A little after mile 25 was the last aid station. The volunteers were calling out the usual "water, heed, oranges". But then I heard one of them say "snacks". Snacks?! I had to know, so I asked. Turns out it was granola bars, bagels, and a few other things. I grabbed part of a granola bar and bit off a huge chunk. I'm not even sure why I did it, I wasn't that hungry. I'd had at least 4 GUs that morning, which weren't necessarily that filling, but were keeping me sustained. I tried to chew the granola bar, but my mouth was so incredibly dry I was getting nowhere so I immediately spit it out. Mile 25.7, almost there. I had started running alongside these two young boys who were probably not even 20 yet. I started talking to them and found out they were from Washington, this was their first marathon, and when they were done they were headed back to take finals. So cute. As we rounded the corner to head in, one of the boys took off in a sprint. I usually sprint to the end in all my races, but I didn't have much left in me. I picked up my pace substantially, but I wouldn't go so far as to say I sprinted to the finish line.

I crossed the finish line and saw my sister, fully showered and dressed from her race already, on the side of the chute cheering me in. She came around to the finish and gave me a hug just as I'd been given my finisher's medal. Immediately after I saw Denise on the side who was waiting with her husband for me to finish. We hugged and congratulated each other, and then I made her take a picture with me and big giant bird. I'd finished the race in 4:33:25, which was 14th out of 27 people in my age division. I wanted better. I learned during the race though that in order to not completely hit the wall at mile 20 that I need to really start working out my muscles in order to gain some strength, and do some training runs beyond 20 miles to get my body really used to running the distance.

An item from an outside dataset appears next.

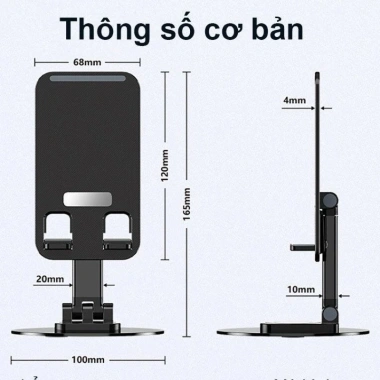Giá đỡ điện thoại xoay 360 độ đế kim loại K39B - Bền bỉ, linh hoạt, giá 20.090₫ 3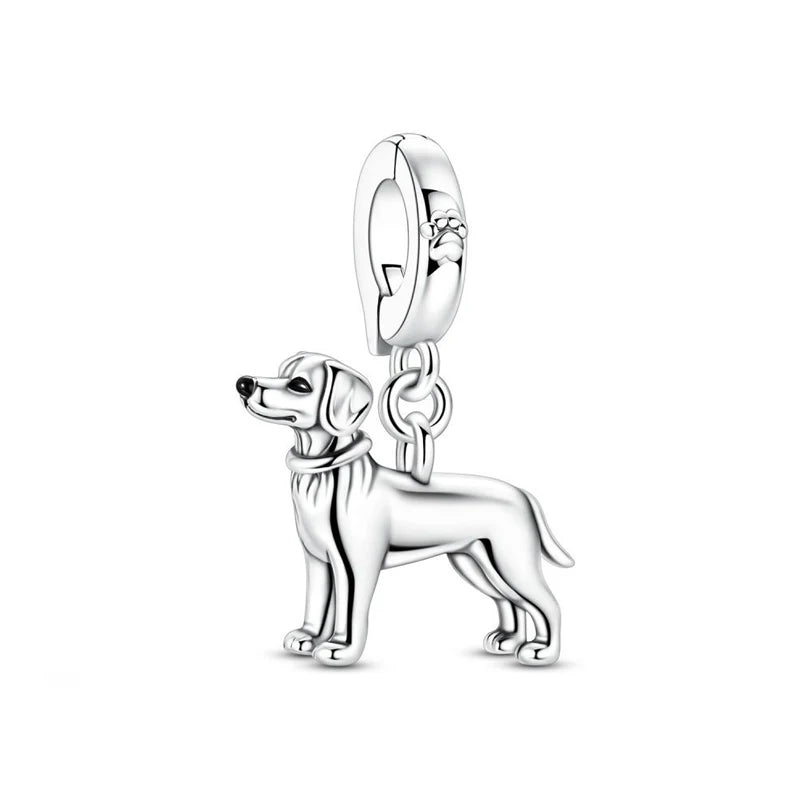 Original 925 Sterling Silver Charms Love Pets Dog Cat Paw Print Pendant Beads Fit Brand Bracelets Necklaces Women DIY Jewelry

Soon after I finished, Kim and I went to the beer garden. We'd been waiting for this moment. Kim had managed to set a PR and was feeling pretty good about it, and I was feeling pretty good about having just finished my second marathon. We were both really happy that it managed to stay dry during both of our races. As I stood there drinking my beer, I realized just how hard it was to stand. My legs were shaking, both from fatigue and from the cold. I slurped down my beer and then Kim and I headed to the Mexican restaurant right there, Azteca, for some real food. A burrito and another beer later and I was ready for the hot tub and a nap.


Later that night, Kim and I were ready to head out and really celebrate. We headed into Coeur d'Alene and started the night out with drinks from the Beacon Pub and then at the Coeur d'Alene Brewery before heading off to have dinner and more drinks at Bardenay again. After a good night sleep, we spent the next day driving along the lake, which also happened to be the course of the marathon, eating a huge breakfast at this cute little breakfast spot, and then going to see a movie, Robin Hood. By this point, my knee was really hurting again and I wasn't looking forward to the plane ride home. Granted, I don't think sitting in a movie for 2 hours helped, but it was raining outside and nothing sounded better.

As we headed into Spokane towards the airport, we both commented on how the destination race is something we need to continue doing. Kim is hooked on running again, and I couldn't be happier. We had a great time together in a beautiful area neither of us had spent much time in, doing something we both really enjoy. Running.